The Universal Student Transit Pass

I have an opinion piece out on the City of Ottawa’s universal, student transit pass–also known as “the U-Pass.” Points raised in the op-ed include the following:

-U-Pass programs exist for roughly 30 universities and colleges across Canada.

-For a U-Pass program to be introduced, students typically must vote in favour of the program in student referenda.

-When there is a positive referendum outcome, the university in question–either its senior administraion, its student unions or both–enters into a partnership with the local transit authority.  Full-time students are then automatically enrolled in the program, and payment for the U-Pass is automatically charged to their individual student accounts when they register for fall term.

-A U-Pass will typically give a student complete access to public transit in the municipality in question, all through the academic year.  Yet, the cost of the U-Pass to students is considerably less than what they would normally pay for transit.  For example, the City of Ottawa’s U-Pass currently costs eligible students just under $40 per month.

-One of the reasons it is offered at such a low rate to students is that it is expected that some students will use their U-Pass only sparingly; some, for example, will continue to use a car as their primary means of transportation.  In effect, there is an element of the polluting students subsidizing the non-polluting students.  In this sense, the U-Pass contributes to a ‘green shift’ of sorts. (That said, over time, the U-Pass will also encourage many car drivers to become transit users, and that’s fundamental to the program’s success.)
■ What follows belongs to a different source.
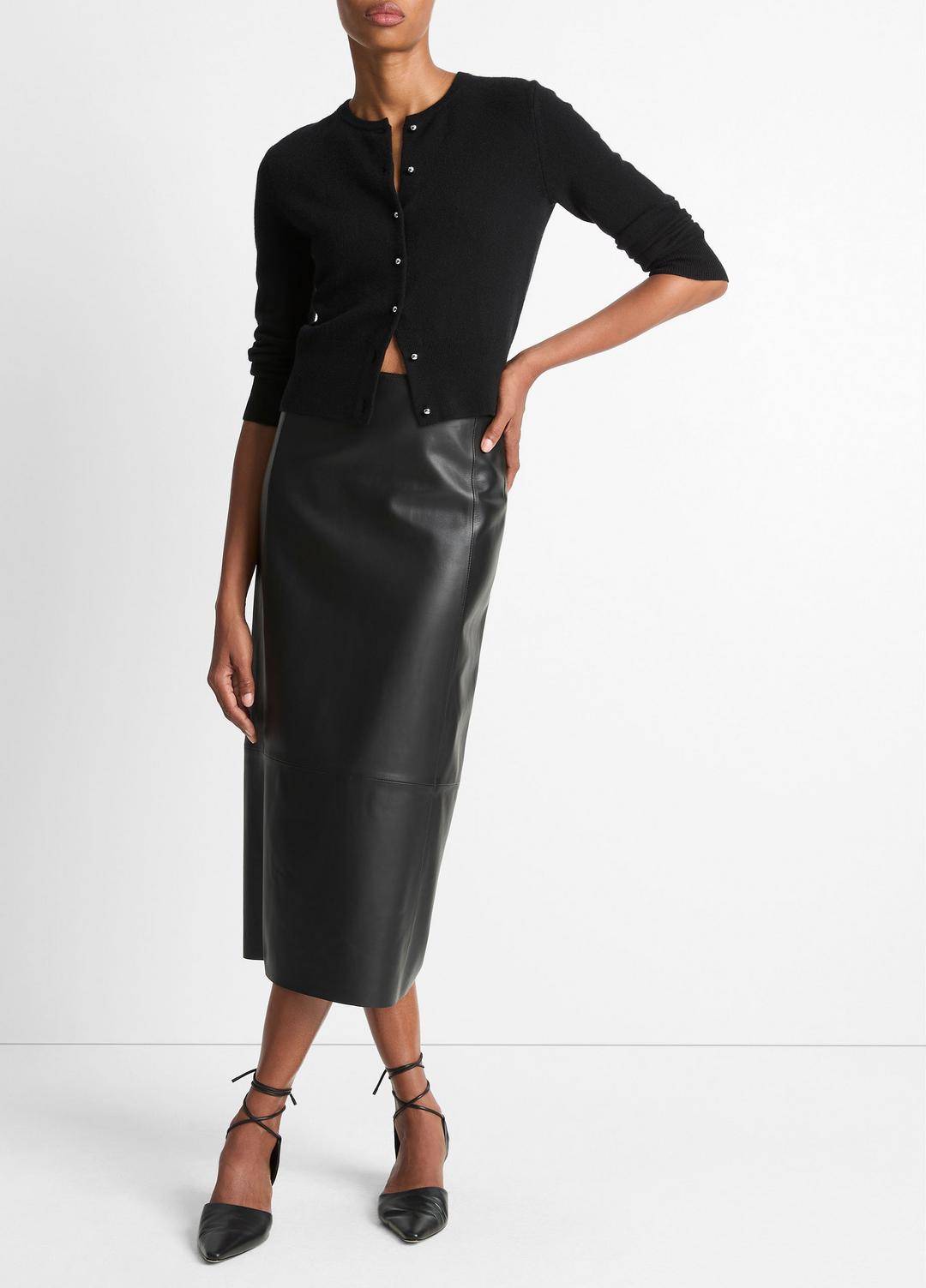 Metal-Button Wool & Cashmere-Blend Cardigan in Cardigans | VINCE Women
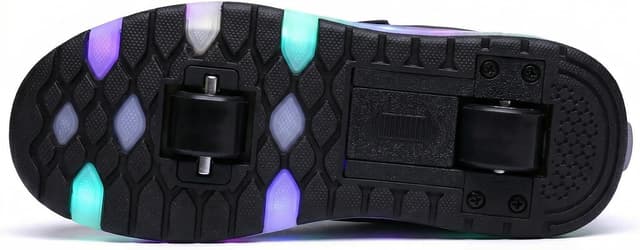 Detalle 1 de HUSKSWARE Kids Roller Shoes with Wheels (EU 27–40) – LED light-up retractable skate trainers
-The municipality benefits in several ways.  First, far more students take transit when such a system is in place, and this reduces the cost of road repair, helps curb traffic congestion, and reduces pollution.  Second–and this is key–it encourages young people to get in the habit of taking transit instead of cars; this, in turn, offers an important long-term payoff to municipalities after these people graduate.  In other words, it brings about a ‘culture of ridership.’